Thanks for that introduction. I'm Amelia McNamara. I teach statistics at the University of St. Thomas in the Department of Computer Science. I tweet at AmeliaMN, which is a double entendre for McNamara and Minnesota. And I'm going to be talking about working with categorical data in R without losing your mind.
So this talk came from a paper that I wrote for the Practical Data Science for Stats Peer J Collection, which was organized by Jenny Bryan and Hadley Wickham. And if you haven't checked out this collection of papers yet, you really should, because it's extremely useful. There are all these wonderful papers like Data Organization in Spreadsheets, Opinionated Analysis Development. Excuse me, do you have a moment to talk about version control? And then the paper that I worked on was called Wrangling Categorical Data in R.
So all of these papers are fully reproducible. They're available online on GitHub. Then they're on these sort of open source preprints on Peer J, and we did a special issue of the American Statistician and put them in there as well.
Motivation: teaching with real data
And my paper was inspired by my work as a professor. So I teach a lot of introductory statistics classes, and in those classes I ask students to do projects where they go out in the world, they find real data, and then they analyze it, usually using some modeling, usually multiple regression. And this is a really useful exercise for students because they get the experience of working with data that's real data that they hopefully care about. But it's very challenging for them because they don't always have the skills to work with it.
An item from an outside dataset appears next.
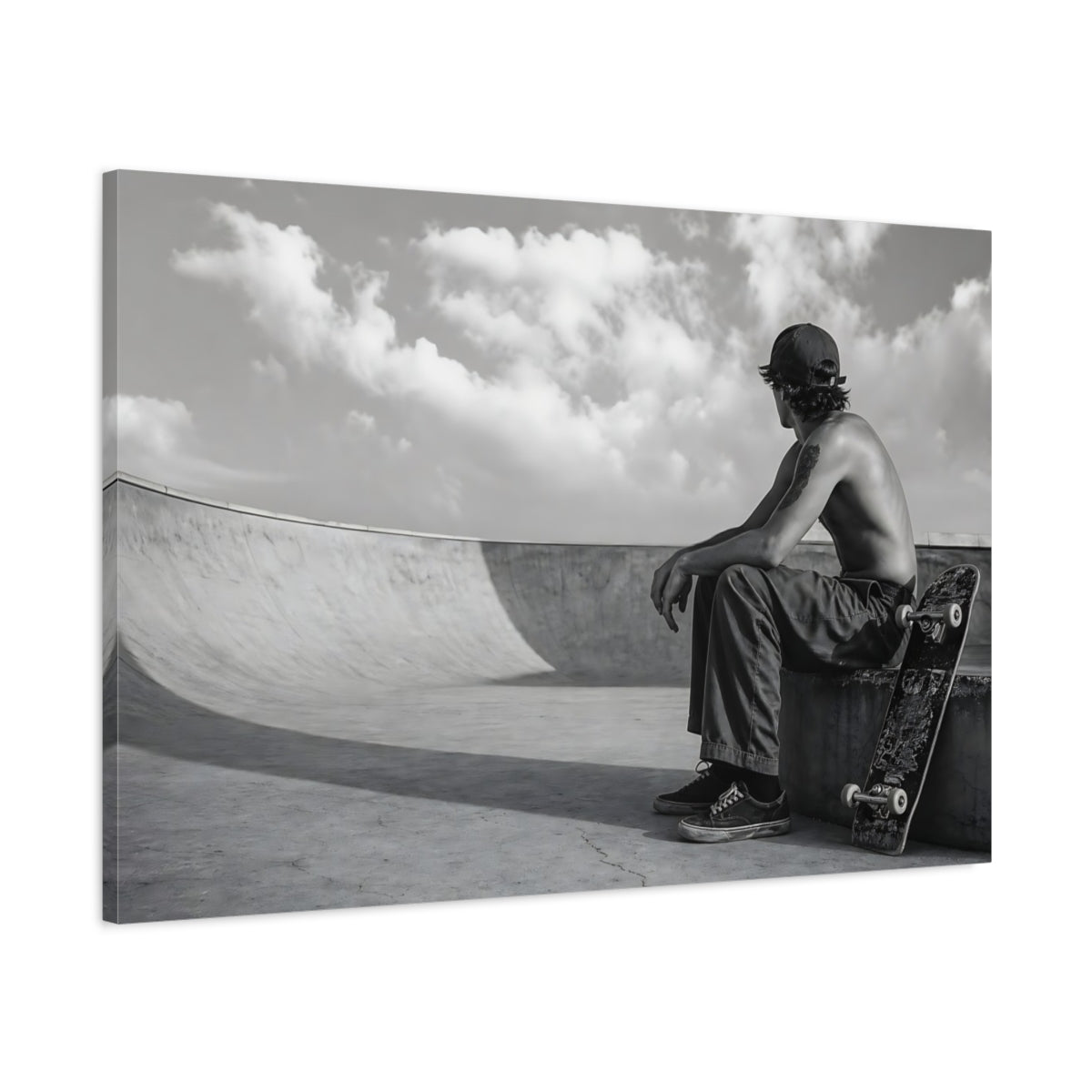Main Mockup. Sports Skateboarder Skateboard Black And White shown as canvas print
And it's also very challenging for me because when they don't have the skills to work with it or things are very complicated, then I step in and I'm there helping them do their data wrangling.
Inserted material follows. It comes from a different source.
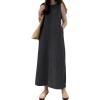 image:imageCHARTOU Women Sleeveless Denim Maxi Dress Long Summer Jean Dress Tunic Tank Dress with PocketsBlack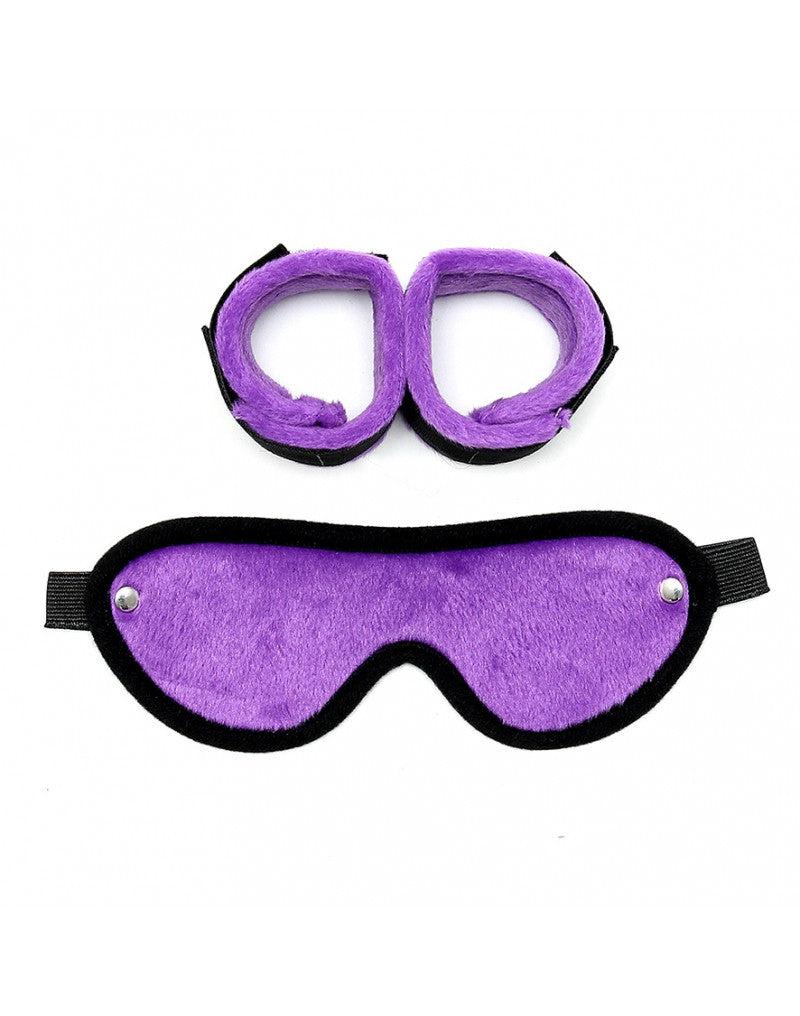 Rimba - Soft Bondage Boeien Met Masker - Zwart/Paars-Laced-up.nl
So I had a group one year that wanted to use data from the General Social Survey, which is housed at the University of Chicago, which is the survey that's been going on since 1972 to ask questions about Americans about their life. So this is a data set that sociologists love to use. And it's very interesting, but it's filled with categorical variables.
If you've been working in R or working with data, you probably know about categorical data. So that's as opposed to continuous data. It's something that has kind of discrete levels. So you might think about gender as a categorical variable, male, female, non-binary. You could think about whether you like your coffee hot or cold. That could be a categorical variable. You could think about the colors of Skittles on my front page. There's many types of data that end up being represented as categorical.
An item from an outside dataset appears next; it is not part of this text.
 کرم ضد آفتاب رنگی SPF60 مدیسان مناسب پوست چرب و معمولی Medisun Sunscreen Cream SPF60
When you have survey responses, those are often like I agree, I disagree. Race is often a categorical variable because we don't have some continuous spectrum there. So lots of data has categorical variables.
Factors in R and their quirks
And in R, you probably know that we represent categorical data as factors. And factors consist of a set of values and then an ordered set of valid levels.
And when I started thinking about the paper that I was going to write, I was thinking about all these problems that come up when you're doing data wrangling in real data problems from this experience of working with my students. And so I said, you know, I could write a paper on a couple different subjects, but here's one, you know, I could talk about factors and how to recode them.
So we started off this paper by showing some of the ways in which factors behave unexpectedly. So one of the ways is that if you have some numeric data and you turn it into a factor, it sort of looks the same because it has those same values, but then it has the levels associated with it. And if you convert back to a numeric, then you don't get the numbers that you expect. Okay? So instead of getting back 20, 20, 10, 40, 10, I get back 2, 2, 1, 3, 1. And this is the sort of thing that can really mess you up when you're doing analysis with factors. Because you think that you're going to get back the value, but you get back sort of the numeric level instead.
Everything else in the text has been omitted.